Padahal penetapan tarif LCL (less-than container load) itu telah digodok oleh Tim Koordinasi Peningkatan Kelancaran Arus Barang Ekspor dan Impor yang diketuai oleh Menko Bidang Perekonomian dengan Wakil Ketua merangkap Ketua Harian Menteri Perhubungan. Tim itu juga beranggotakan para menteri bidang perekonomian, Panglima TNI, Kapolri dan Jaksa Agung.

Kamar Dagang dan Industri (Kadin) turut serta dalam jajaran Tim Pelaksana yang menyelenggarakan tugas sehari-hari. Penetapan tim ini berdasarkan pada Keppres No. 54/2002 juncto Keppres No. 24/2005.

Kesepakatan dibuat pada 29 Mei 2007 oleh enam asosiasi, yakni Gabungan Forwarder dan Ekspedisi Indonesia (Gafeksi), Gabungan Importir Nasional Seluruh Indonesia (GINSI), Gabungan Pengusaha Ekspor Indonesia (GPEI), Indonesian National Shipowners' Association (INSA) Jaya, Asosiasi Perusahaan Bongkar Muat Indonesia (APBMI) Tanjung Priok, dan Asosiasi Pengusaha Tempat Penimbunan Sementara Seluruh Indonesia (Aptesindo).

Setelah berhasil menurunkan biaya THC (terminal handling charge), kini giliran tarif LCL yang mendapat sorotan, mengingat tingginya komponen biaya yang terdiri dari biaya forwarding dan gudang.

Perlu diketahui bahwa di samping mengimpor secara FCL (full container load), produsen barang ekspor juga mengimpor bahan baku atau bahan penolongnya secara LCL. Masalahnya, untuk importasi bahan baku secara LCL ini para produsen dibebani biaya yang sangat tinggi di pelabuhan utama di Indonesia, khususnya di Tanjung Priok.

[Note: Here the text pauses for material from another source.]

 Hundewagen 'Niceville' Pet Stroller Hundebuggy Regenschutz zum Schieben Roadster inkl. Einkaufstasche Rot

Komponen biayanya pun banyak dan beragam, serta berbeda dari forwarder konsolidator satu dengan lainnya. Begitu juga dengan biaya gudang. Operator gudang atau pengusaha tempat penimbunan sementara (TPS) serta mitra Bea Cukai, dengan sepengetahuan agen konsolidator yang bersangkutan, menagih biaya gudang yang tinggi dengan komponen biaya yang juga banyak, tumpang tindih dan terkesan mengada-ada, sehingga mengakibatkan ekonomi biaya tinggi.

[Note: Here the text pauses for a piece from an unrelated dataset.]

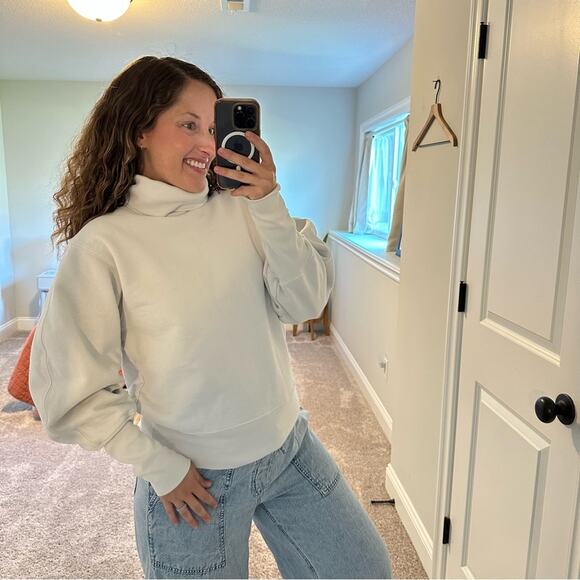 AGOLDE Blue Gray Neutral Cotton Ribbed Turtleneck Sweatshirt Medium - Picture 2 of 16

Kenapa hal ini bisa terjadi? Banyak yang lupa, bahwa berawalnya biaya tinggi saat ini akibat perang tarif antarforwarder dan imbas dari krisis moneter pada 1997. Saat itu, dolar AS menguat, sedangkan biaya operasional forwarder tetap dalam rupiah.

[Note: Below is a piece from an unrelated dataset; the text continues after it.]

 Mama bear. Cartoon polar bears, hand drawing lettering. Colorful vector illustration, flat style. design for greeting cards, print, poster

Akibatnya, forwarder saling berebut agen untuk kargo impor dengan menawarkan kembalian (refund) yang tinggi, sebab berapa pun d¢lar AS yang masuk akan memberikan penghasilan tinggi bila dikalikan dengan kurs waktu itu yang berkisar Rp15.000-Rp20.000 per dolar AS.

Seperti cendawan di musim hujan, selama krismon muncul ratusan forwarder baru yang semuanya berebut dolar AS. Hanya dengan membuka perusahaan dan SDM seadanya, mereka bekerja sebagai international freight forwarder, yang tidak lebih dari sekadar broker.

Bukan anggota
Kenyataannya, banyak forwarder konsolidator merupakan 'pemain' asing, umumnya dari Singapura, Korea Selatan, Taiwan, dan Hong Kong yang punya jaringan dan dukungan finansial yang kuat di luar negeri.

Mereka membuka perusahaan 'alibaba' di Jakarta dengan mengajak mitra lokal, dan bebas beroperasi di pelabuhan hingga menangani juga pekerjaan PPJK (perusahaan penyedia jasa tenaga kerja) dan EMKL (costume clearance). Mereka sebagian besar bukan anggota Gafeksi dan sulit untuk ditertibkan.

Waktu terus berjalan, dan ketika kondisi ekonomi dan kurs mulai stabil, forwarder menjadi sulit memberikan refund seperti semula, mereka kedodoran.

Di sisi lain, harga pasar telanjur rusak, maka bermainlah forwarder-forwarder tadi dengan pihak gudang. Pepatah mengatakan, "wol akan didapat dari biri-biri juga", jadi biaya refund kompensasinya sekarang diambil dari pembebanan biaya gudang kepada pemilik barang.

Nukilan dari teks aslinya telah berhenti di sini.